「…ん、……」

少女、立花蓮は呼ばれる声に気づき、まだ不鮮明な意識の中小さく目を開けた。覚醒しない意識の中、ぼやけた視界に見慣れた黒髪が映る。

擦った眠い目の下には小さな黒子。何度かまばたきをしてあくびをすると、涙が滲んだ。

わたし、また寝てたんだ。

そう思い蓮がもう一度目を擦ろうとした時、目の前から出された人差し指が涙をすくった。ひんやりとしたそれに蓮がくすぐったそうに吐息をもらす。

「ね、勇輔くんの手、つめたい。

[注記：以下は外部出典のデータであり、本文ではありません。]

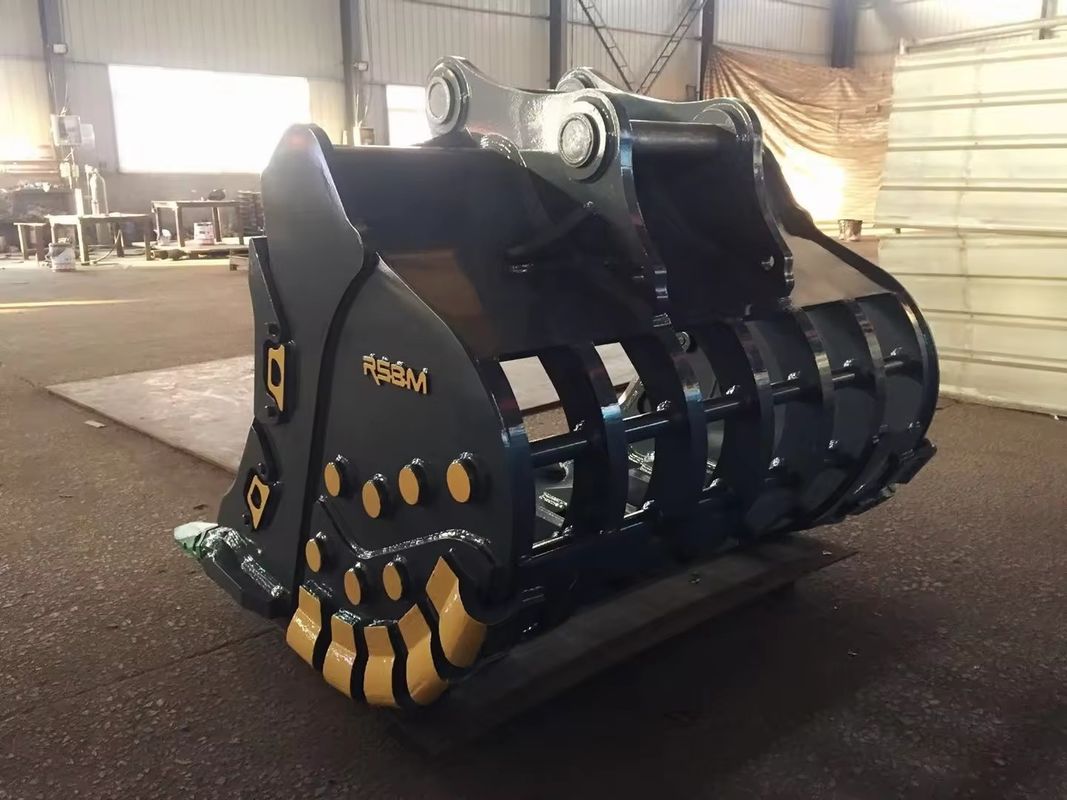 HARDOX450 1-50 tonnellate Scavatore Sciavo secchio per le operazioni minerarie
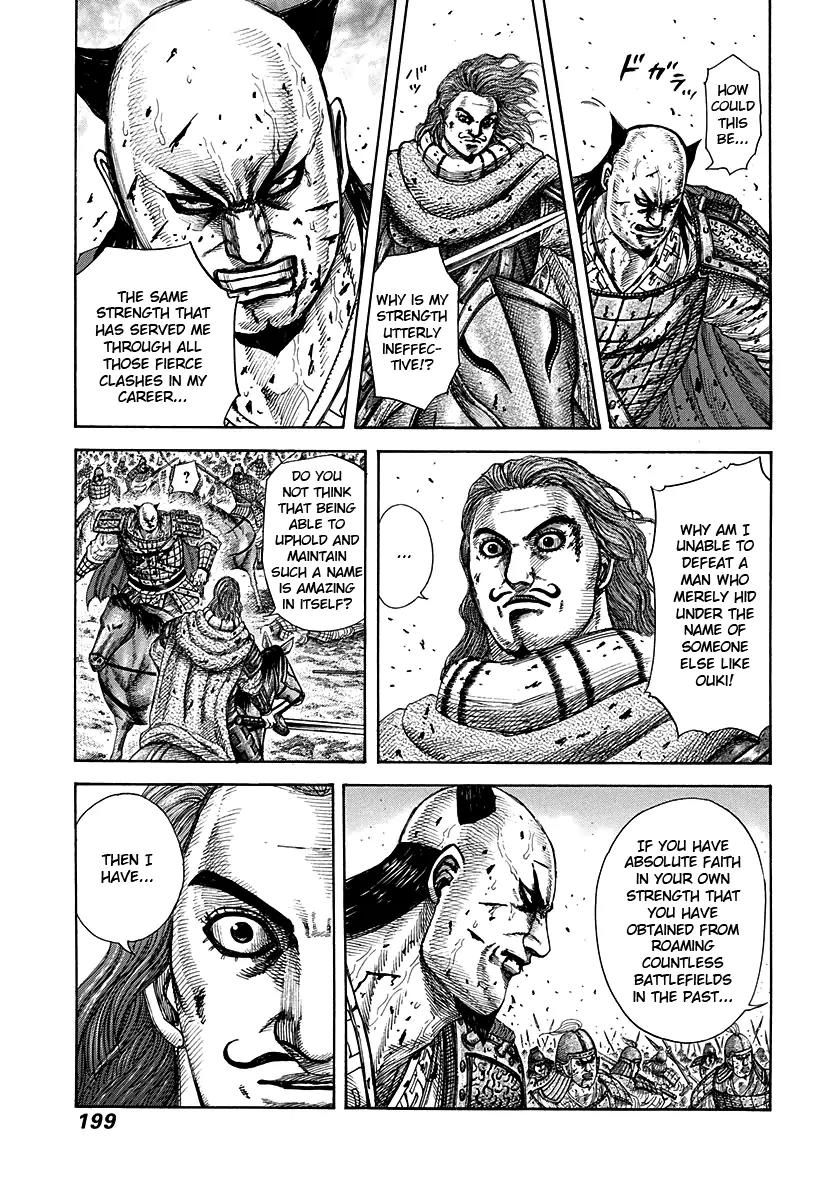 Kingdom Chapter 283 page 9 - Chapter 283: Each Man's Pride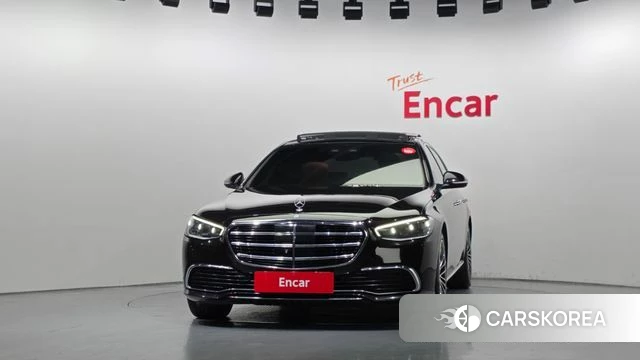 Mercedes-Benz S-Class W223 id 4458180 из Кореи 13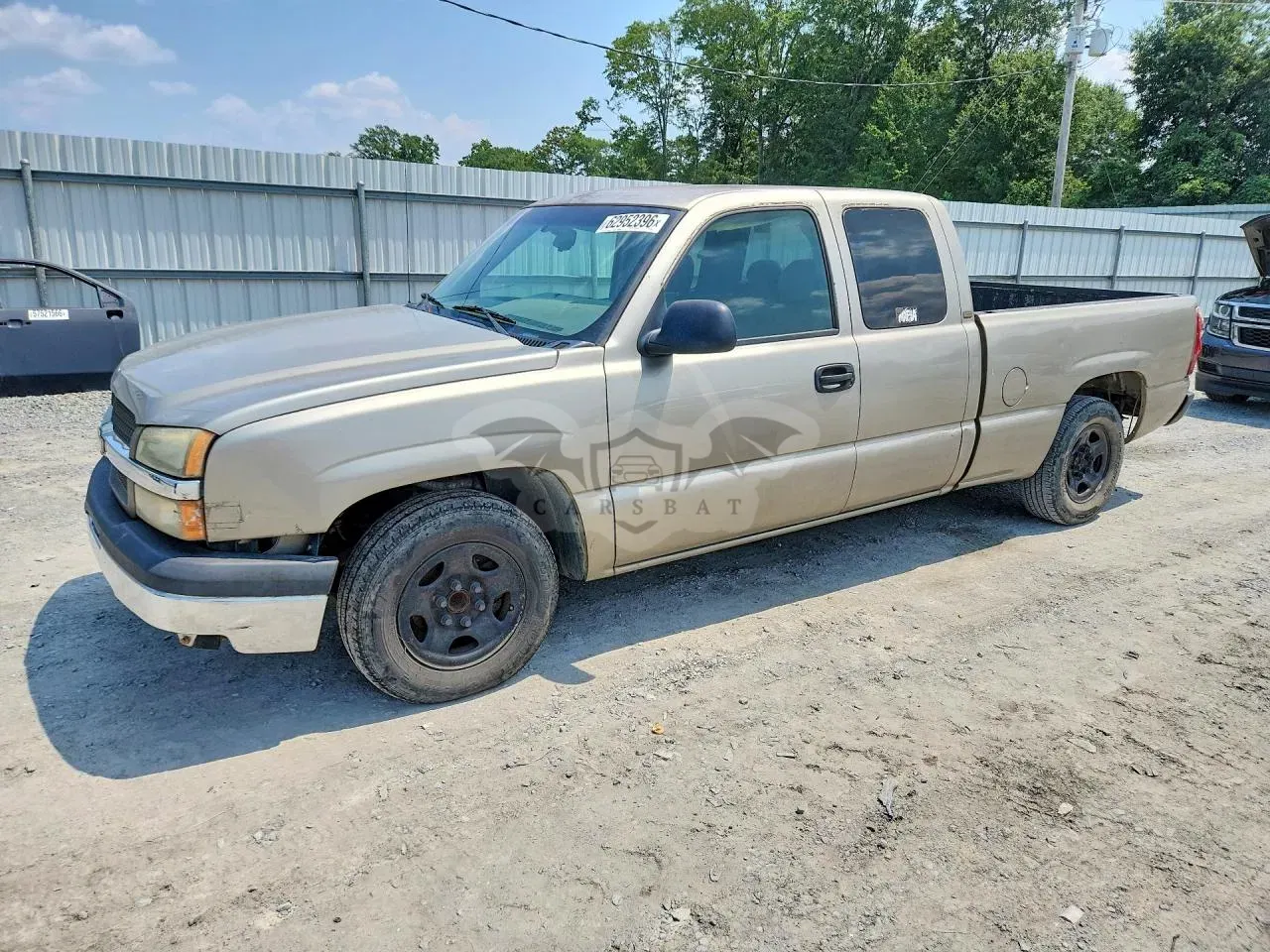 Chevrolet Silverado 1500 4.3L 6 2003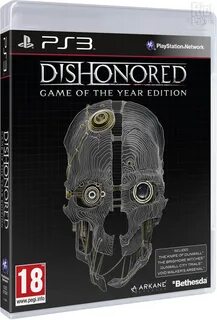 Dishonored: Game of the Year Edition - промо-материалы из иг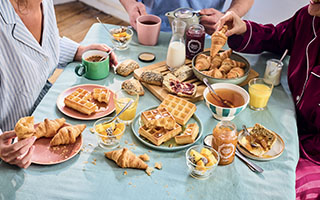 Le brunch est ready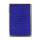Elegant Starry Sky Bling Diamond Hard Case Cover Tilbehør til iPad Mini - Mørkeblå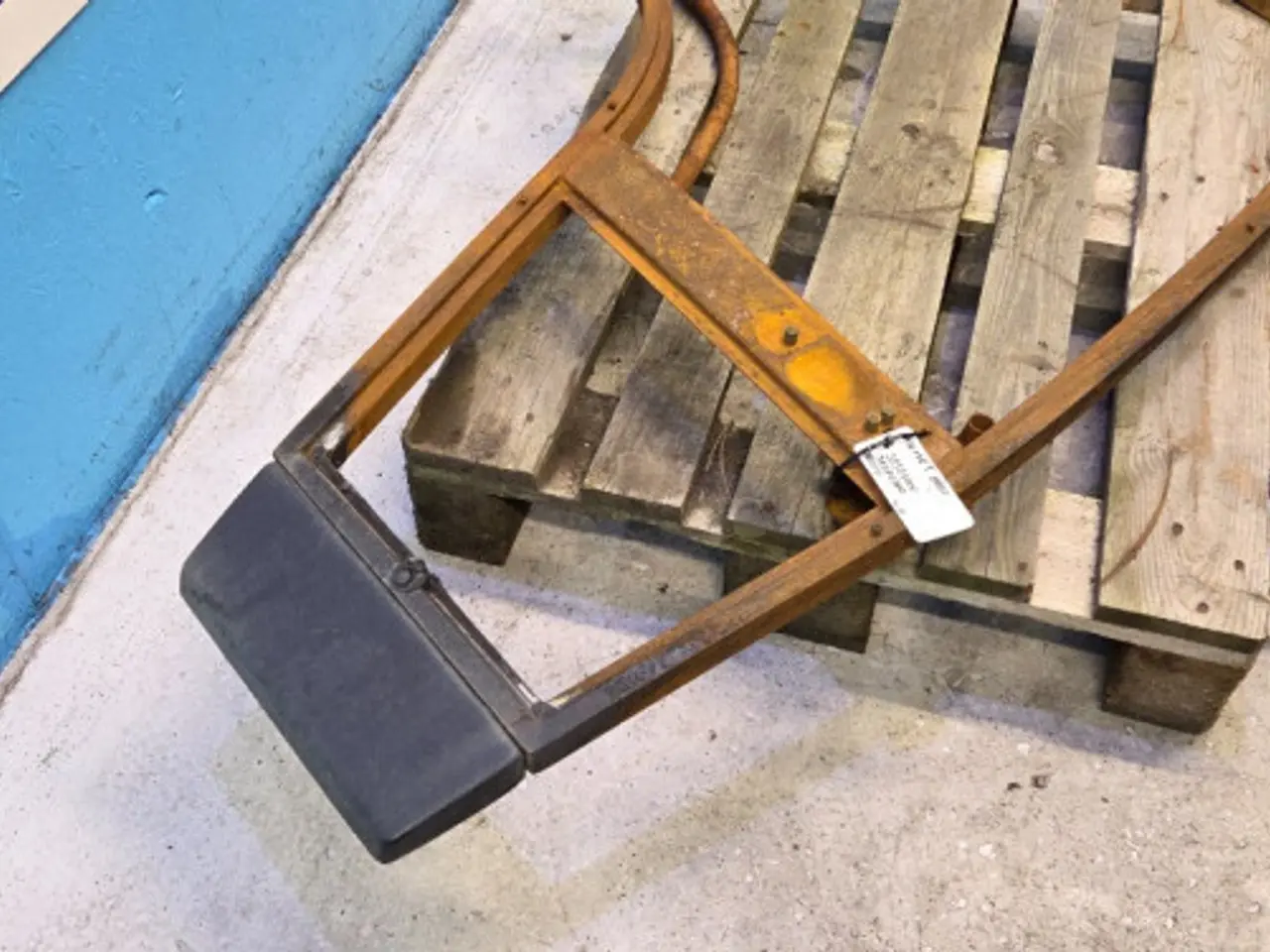 Billede 9 - Valmet 8350 Dør Ramme L. 31506000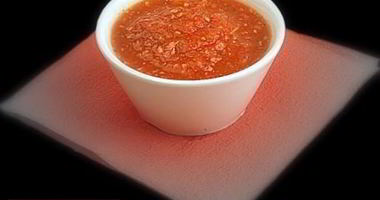 Рецепт Аджики из помидор с болгарским перцем, кинзой и орехами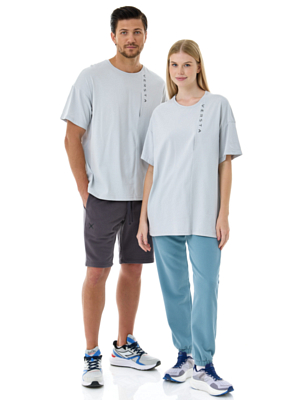 Футболка VERSTA Oversize Pepel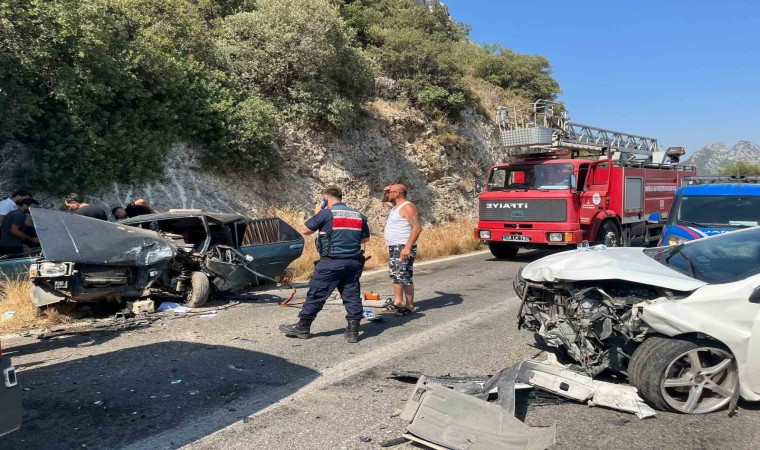 Milasta trafik kazası: 1 ölü, 5 yaralı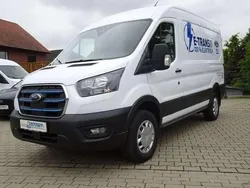 Frostweiss Gebraucht 2022 Ford E-Transit Trend Van | 33.990 € (Superpreis)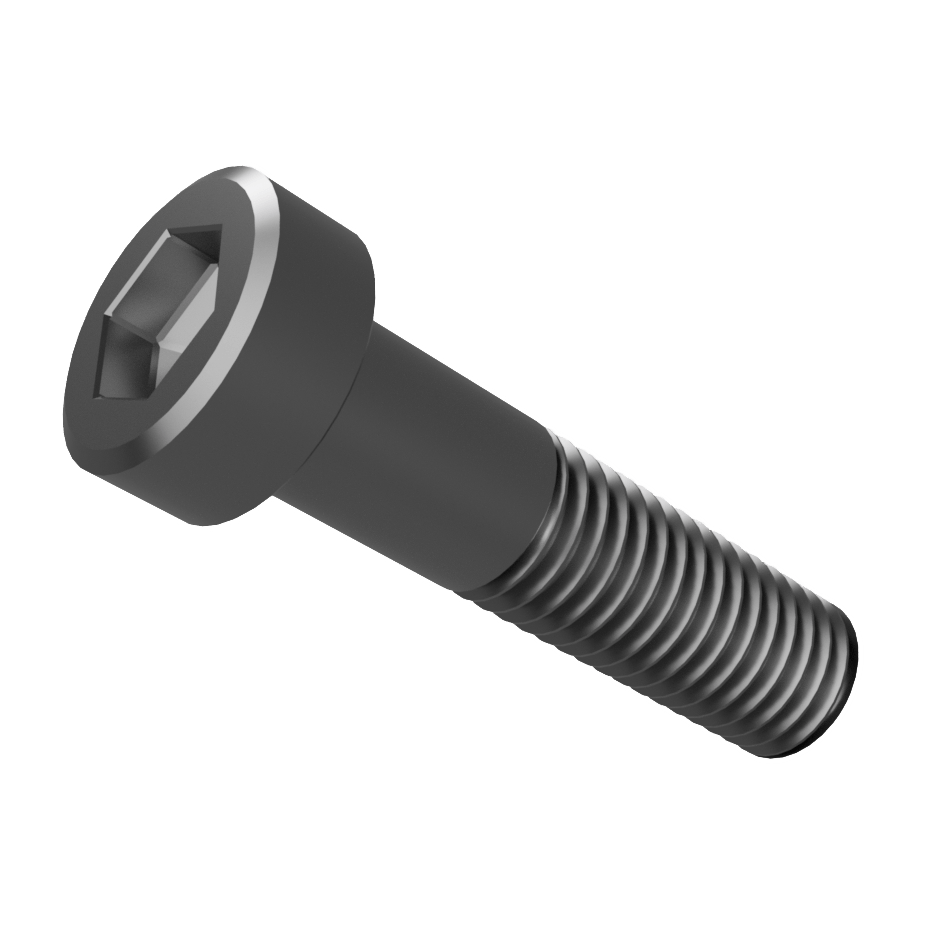 NAAMS Low Profile Socket Head Cap Screw F020408 M4 x 0.7 x 12
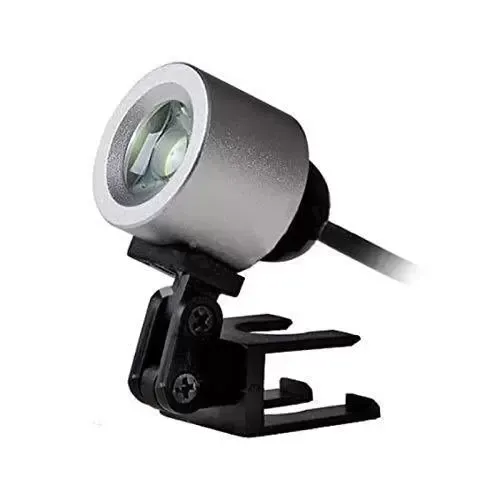 Lupa binocular para laboratorio (3,5x420 mm, incluye linterna LED)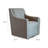 Kiffany Upholstered Swivel Armchair-829820129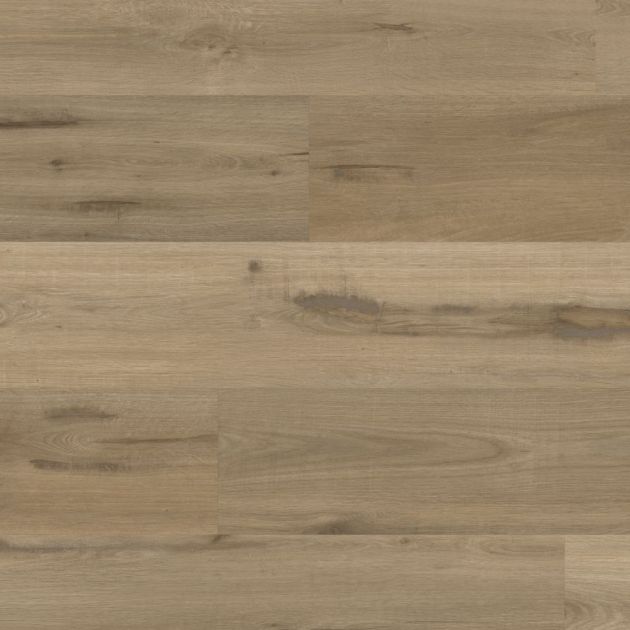 Leyster Oak sample showing pale brown reclaimed woodgrain flecked with black spots and knots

」

蓮がそう言うと、黒髪の男、田久間勇輔は目を猫のように細めて笑う。

「目、覚めただろ。」

鮮明になった視界で蓮の目に映ったのは、いつものように笑う彼で、ほっとする。

「うん、ごめん寝ちゃってた。今終わったの?」

「そ、遅くなってごめんな。」

勇輔くんの言葉に首を横に振ると、彼女は机の上の参考書やノートをまとめて、鞄の中に仕舞う。

結局途中で寝ちゃったんだ、帰ったら終わらせないと。

そう思い支度を済ませて最後にカーディガンを羽織ると、勇輔くんがこちらを見て待っていた。

「準備出来た、ありがと。帰ろっか。」

そう言って笑うと、彼は私の手に自身の手を絡ませて、いつもの様に歩き出す。

「あ、蓮。」

思い出したかのように勇輔くんが呟く。

「なに?」

「蓮、目つぶって。」

言われた通り目をつぶれば、彼の甘い香りがふわっとわたしの鼻腔をくすぐった。

そして、ひとつに重なる影。

甘い、とわたしは思った。香りも、この行為も、彼の行動のすべても。

まるでわたしに、気付いてほしいかのように。彼は、甘いと、そう思う。


重なった影が静かに離れたとき、勇輔くんが呟く。

「蓮、じゃあ帰ろっか。」

わたしは頷いて、この甘ったるい空間から逃げ出すため、彼に手を引かれながら教室を出た。